In an internal email from Ballmer published on Microsoft's press page, Ballmer writes that the timing of leaving the company is never good, but that now's the right time to do it.
"My original thoughts on timing would have had my retirement happen in the middle of our transformation to a devices and services company focused on empowering customers in the activities they value most," Ballmer said in the email.
Ballmer stressed that this is a "time of important transformation." We're not sure if he's talking about just his leaving the company and bringing in new blood, or if he's referring to the ever-changing Windows 8 operating system, and new "devices and services" plan. In Microsoft's official press release, the term "devices and services" is used three times in a few short paragraphs.
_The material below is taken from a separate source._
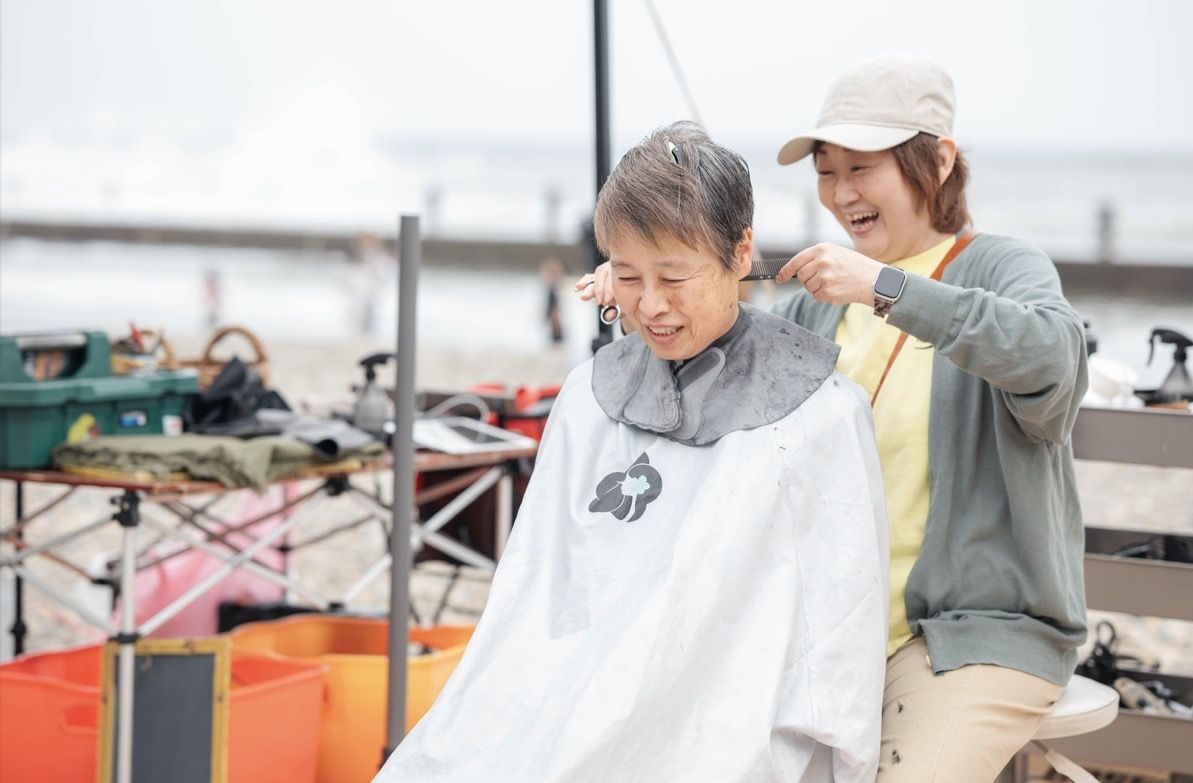 海辺のイベントで笑いながら髪を切るKiyo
We've sensed a change in Ballmer the last few times we've seen him this year. At Microsoft's latest Build developers' conference, and at the Windows 8 event last October, he was missing his characteristic high Ballmer energy. It's possible that disappointing sales of Windows 8, Windows RT, and the Surface tablet could be responsible for his departure.
A special committee, made up of company founder Bill Gates and chaired by John Thompson, will select Ballmer's successor. Gates commented, saying that Microsoft is "fortunate to have Steve in his role until the new CEO assumes these duties."
Steve Ballmer has been at Microsoft since it was a fledgling computer company. In his departure email, he noted that Microsoft has grown from a $7.5 million company into a $78 billion leader, and its employees have grown from about 30 people to almost 100,000.